8 pagesPublished: June 13, 2017

Abstract

In robot-assisted orthopaedic surgery, registration is a key step, which defines the position of the patient in the robot frame so that the preoperative plan can be performed. Current registration methods have their limitations, such as the requirement of immobilising the limb or maintaining the line of sight (LOS). These issues cause inconvenience for the surgeons and interrupt the surgical workflow in the operating room.
Targeting these issues, we propose a smart camera-robot registration system for joint replacement. The bone geometry, which is measured directly by a depth camera, is aligned to a preoperatively obtained bone model to calculate the pose of the target. Simultaneously, in order to avoid registration failure caused by LOS disruptions, the depth camera tracks objects that may occlude the target bone, and a robot manipulator is used to move the camera away from the nearest obstacle.

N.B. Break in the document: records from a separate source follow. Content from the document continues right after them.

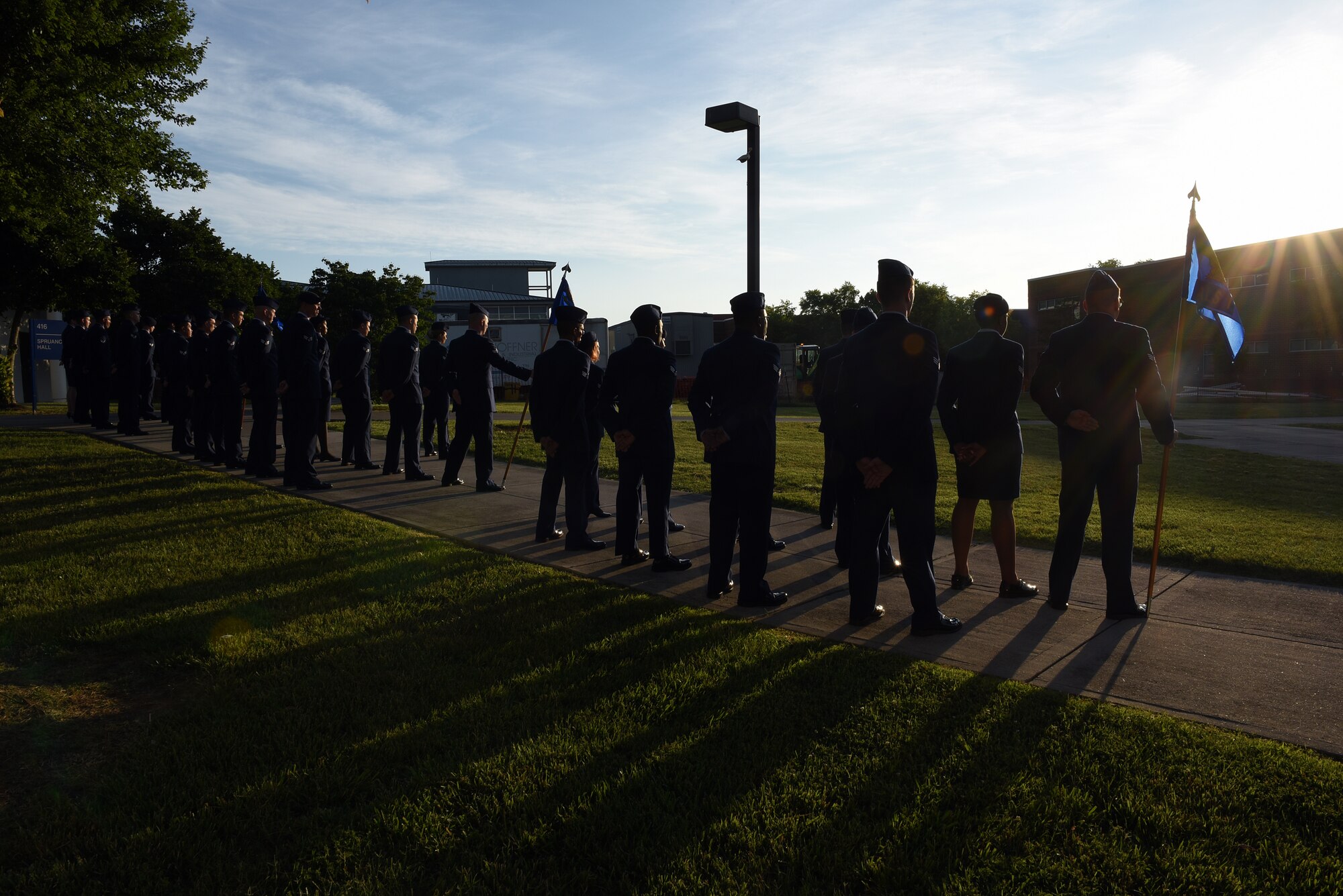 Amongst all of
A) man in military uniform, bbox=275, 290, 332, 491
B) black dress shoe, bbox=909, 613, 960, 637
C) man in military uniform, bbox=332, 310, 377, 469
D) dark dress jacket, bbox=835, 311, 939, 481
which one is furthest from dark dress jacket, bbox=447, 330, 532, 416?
black dress shoe, bbox=909, 613, 960, 637

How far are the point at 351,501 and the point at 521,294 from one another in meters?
71.9

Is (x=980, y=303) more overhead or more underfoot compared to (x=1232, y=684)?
more overhead

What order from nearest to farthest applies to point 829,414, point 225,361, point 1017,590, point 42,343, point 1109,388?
point 1109,388 → point 1017,590 → point 829,414 → point 225,361 → point 42,343

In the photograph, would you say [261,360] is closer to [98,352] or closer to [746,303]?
[746,303]

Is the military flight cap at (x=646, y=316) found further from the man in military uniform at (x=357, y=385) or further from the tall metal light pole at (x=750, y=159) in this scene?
the man in military uniform at (x=357, y=385)

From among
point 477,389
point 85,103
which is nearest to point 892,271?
point 477,389

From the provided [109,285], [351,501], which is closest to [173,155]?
[109,285]

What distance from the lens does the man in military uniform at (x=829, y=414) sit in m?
6.17

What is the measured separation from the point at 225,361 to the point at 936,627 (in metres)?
9.92

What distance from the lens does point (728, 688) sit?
4.03 m

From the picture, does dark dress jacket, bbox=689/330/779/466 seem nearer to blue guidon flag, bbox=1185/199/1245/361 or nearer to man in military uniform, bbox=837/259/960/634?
man in military uniform, bbox=837/259/960/634

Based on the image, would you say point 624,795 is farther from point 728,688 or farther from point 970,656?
point 970,656

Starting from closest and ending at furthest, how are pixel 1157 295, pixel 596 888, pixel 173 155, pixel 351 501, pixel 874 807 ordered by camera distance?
1. pixel 596 888
2. pixel 874 807
3. pixel 351 501
4. pixel 173 155
5. pixel 1157 295

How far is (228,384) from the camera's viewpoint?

An appropriate camera motion to “escape” the obstacle is calculated based on the position and velocity of the obstacle, with the aim of avoiding the occlusion efficiently without changing the general target position in the camera frame. The inverse kinematics of the robot is used to project the Cartesian velocity of the end-effector into the joint space, with kinematic singularities considered for stable robotic control. An admittance controller is designed as the human-robot interface so that the surgeon can directly set the robot configuration by hand according to a given intraoperative scenario.
Simulations and experiments with a redundant manipulator were conducted to test the performance of a proof-of-concept implementation. The results show that the proposed obstacle avoidance method can effectively increase the distance between the obstacle and the LOS, which lowers the risk of registration failure due to obstacle occlusion. This pilot study is promising in reducing distractions to the surgeon and could help achieve a fluent and surgeon-centred workflow.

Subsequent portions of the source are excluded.